Thermodynamic limit

Thermodynamic limit

In physics and physical chemistry, the thermodynamic limit is reached as the number of particles (atoms or molecules) in a system "N" approaches infinity — or in practical terms, one mole or Avogadro's number ≈ 6 x 1023. The thermodynamic behavior of a system is asymptotically approximated by the results of statistical mechanics as "N" → ∞, and calculations using the various ensembles converge. Theoretically, this concerns manipulating factorials arising from Boltzmann's formula for the entropy, "S" = "k" log "W", by using Stirling's approximation, which is justified only when applied to large numbers. But it probably has an empirical basis as well. Ordinary thermodynamics may not apply to collections of only a few atoms or molecules.

In some simple cases, and at thermodynamic equilibrium, the results can be shown to be a consequence of the additivity property of independent random variables; namely that the variance of the sum is equal to the sum of the variances of the independent variables. In these cases, the physics of such systems close to the thermodynamic limit is governed by the central limit theorem in probability.
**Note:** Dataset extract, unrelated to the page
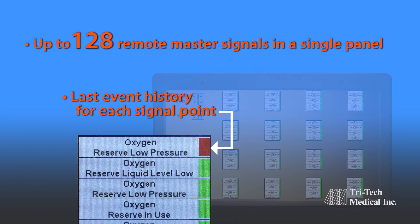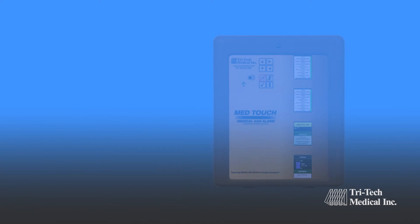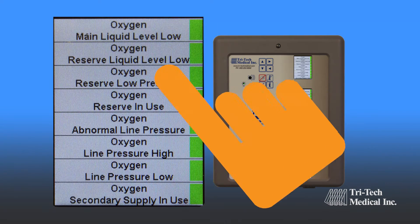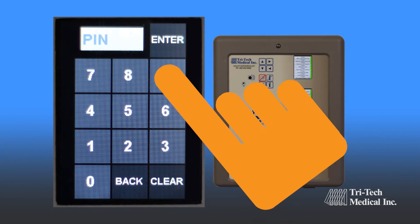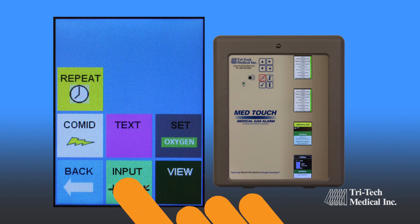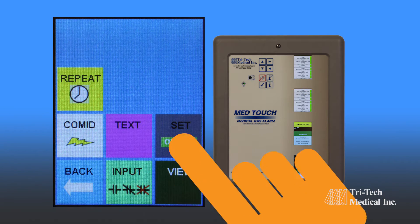Last event history is provided for each signal point. Self-diagnostic error messages are displayed for ease of maintenance, with simplified programming through simple icon and question and answer choices.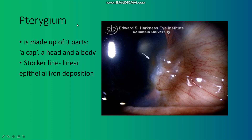In pterygium, the lesion is made up of three parts: a cap — a halo-like zone at the advanced edge of the lesion — a head, and a body. There is also a Stocker line, which is linear epithelial iron deposition.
For systems of large numbers of particles, the genesis of macroscopic behavior from its microscopic origins fades from view. For example, the pressure exerted by a fluid (gas or liquid) is the collective result of collisions between rapidly moving molecules and the walls of a container, and fluctuates on a microscopic temporal and spatial scale. Yet the pressure does not change noticeably on an ordinary macroscopic scale because these variations average out.

Even at the thermodynamic limit, there are still small detectable fluctuations in physical quantities, but this has a negligible effect on most sensible properties of a system. However, microscopic spatial density fluctuations in a gas scatter light (which is why the sky is blue). These fluctuations become quite large near the critical point in a gas/liquid phase diagram. In electronics, shot noise and Johnson-Nyquist noise can be measured.

Certain quantum mechanical phenomena near the absolute zero "T" = 0 present anomalies; e.g., Bose-Einstein condensation, superconductivity and superfluidity.

It is at the thermodynamic limit that the additivity property of macroscopic "extensive" variables is obeyed. That is, the entropy of two systems or objects taken together (in addition to their energy and volume) is the sum of the two separate values.

Cases where there is no thermodynamic limit

A thermodynamic limit doesn't always exist in all cases. Usually, what people do when taking the thermodynamic limit is to increase the volume together with the particle number so that the average particle number density remains constant. Two common regularizations are the box regularization where matter is confined to a geometrical box, and the periodic regularization where matter is placed in a torus with periodic boundary conditions. But let's look at the following two examples.

* Particles with an attractive potential which doesn't turn around and become repulsive even at very short distances. In such a case, matter tends to clump together instead of spreading out evenly over all the available space. This is the case for gravitational systems, where matter tends to clump into filaments, galactic superclusters, galaxies, stellar clusturs and stars. Ultimately, it might be favorable for everything to coalesce into a black hole.
* A system with a nonzero charge density also poses the same problem. In this case, periodic boundary conditions are out of question because there's no consistent value for the electric flux. With a box regularization, on the other hand, matter tends to accumulate along the boundary of the box instead of being spread more or less evenly with only minor fringe effects.